■ **Recorded data**
************

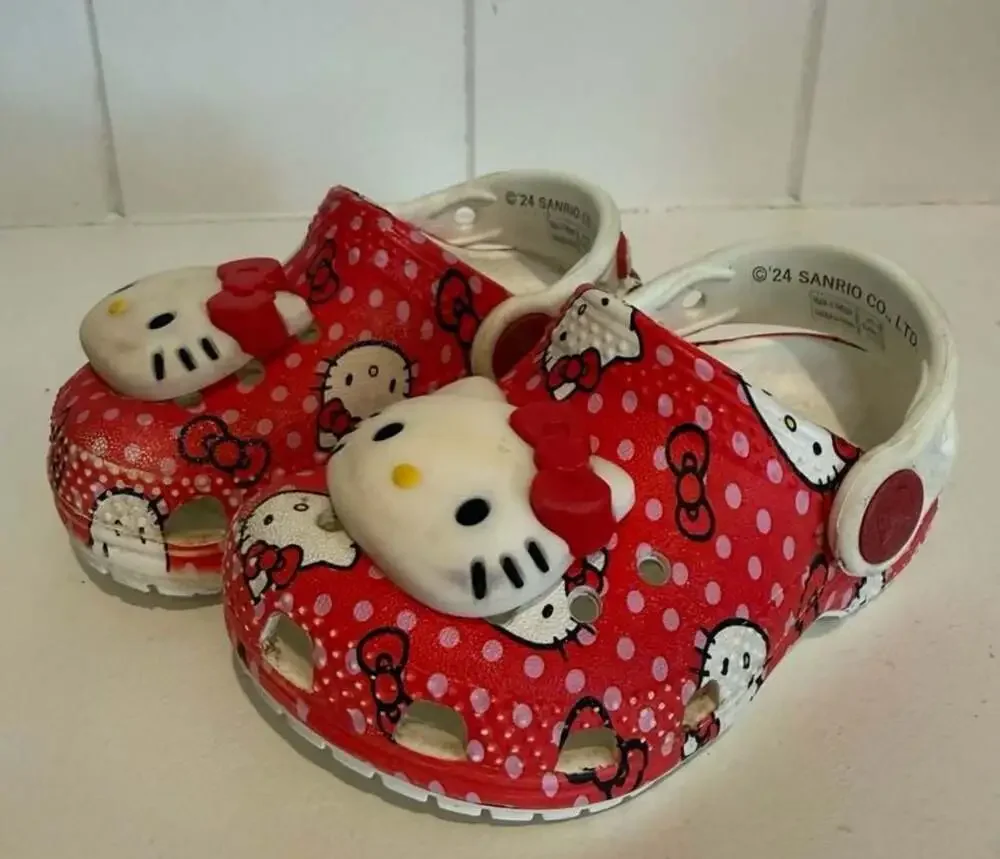 Crocs x Hello Kitty Toddler Classic Clog Red Polka Dot 4C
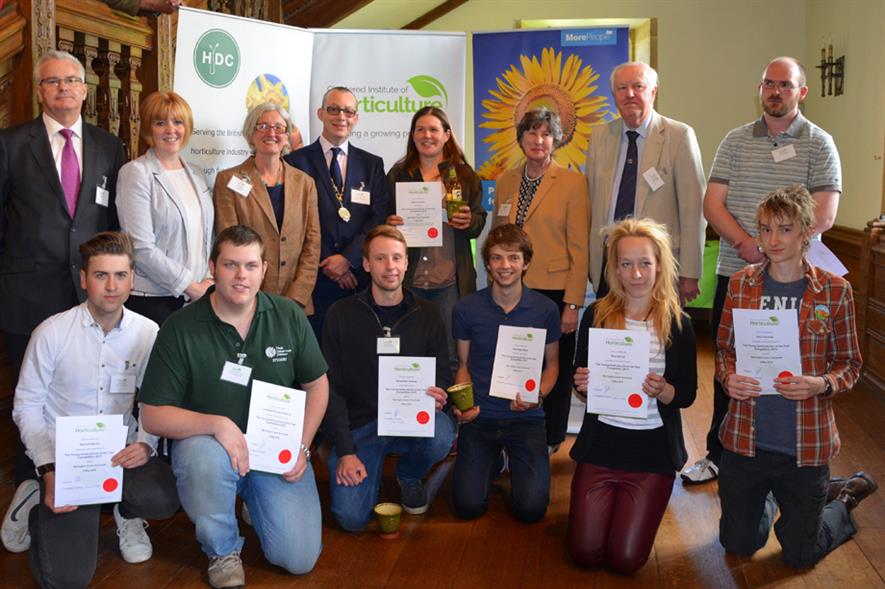Young Horticulturist of the Year 2015 finalists, sponsors, question master and CIH president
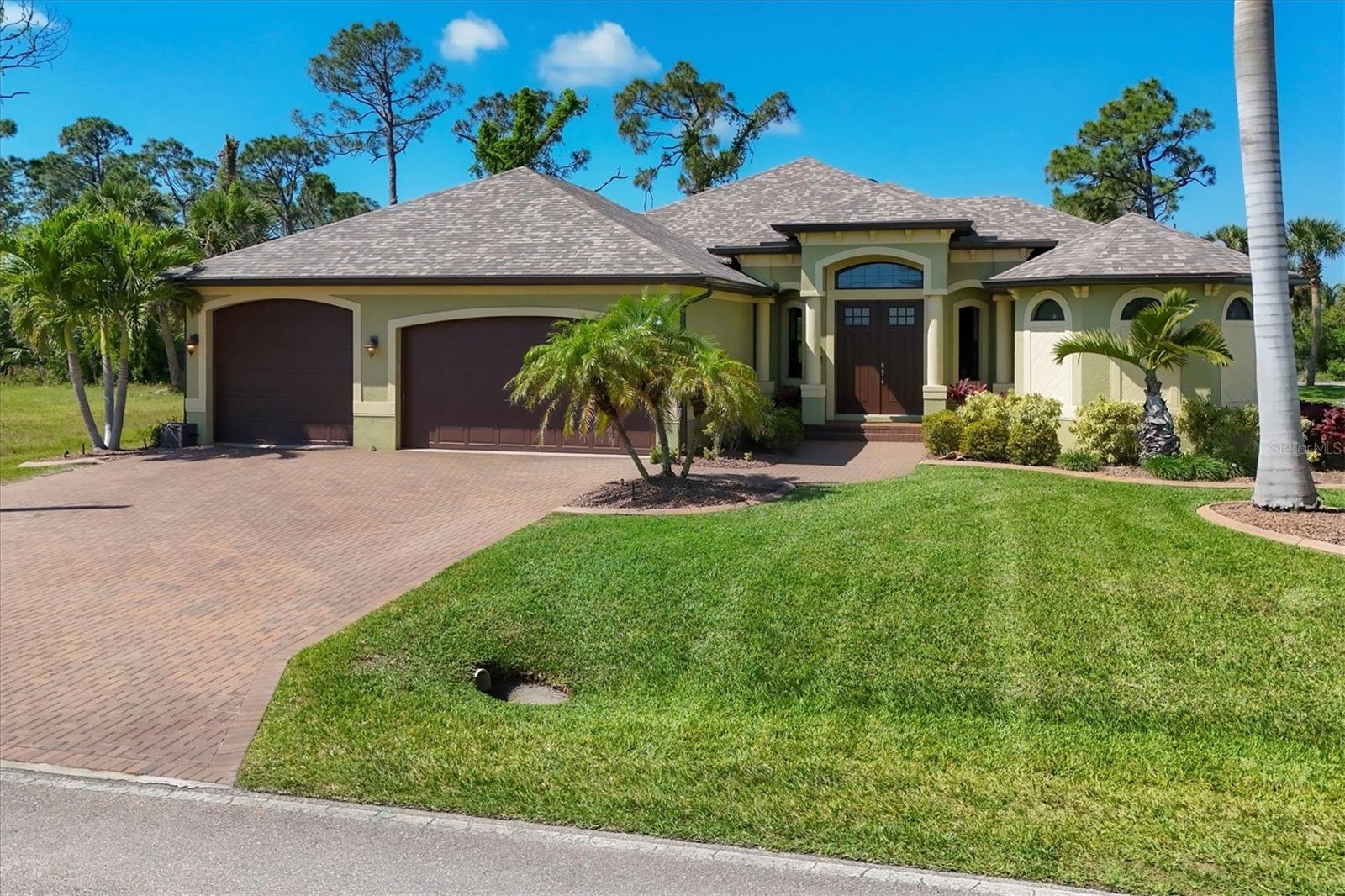 758 ROTONDA CIR, ROTONDA WEST, FL, 33947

************

■ **What the task asks**
Could you return, word for word, every line from the line with "Young Horticulturist of" through the last line of the listing above, both ends included, without any pictures?

■ **Exercise output**
Young Horticulturist of the Year 2015 finalists, sponsors, question master and CIH president
 758 ROTONDA CIR, ROTONDA WEST, FL, 33947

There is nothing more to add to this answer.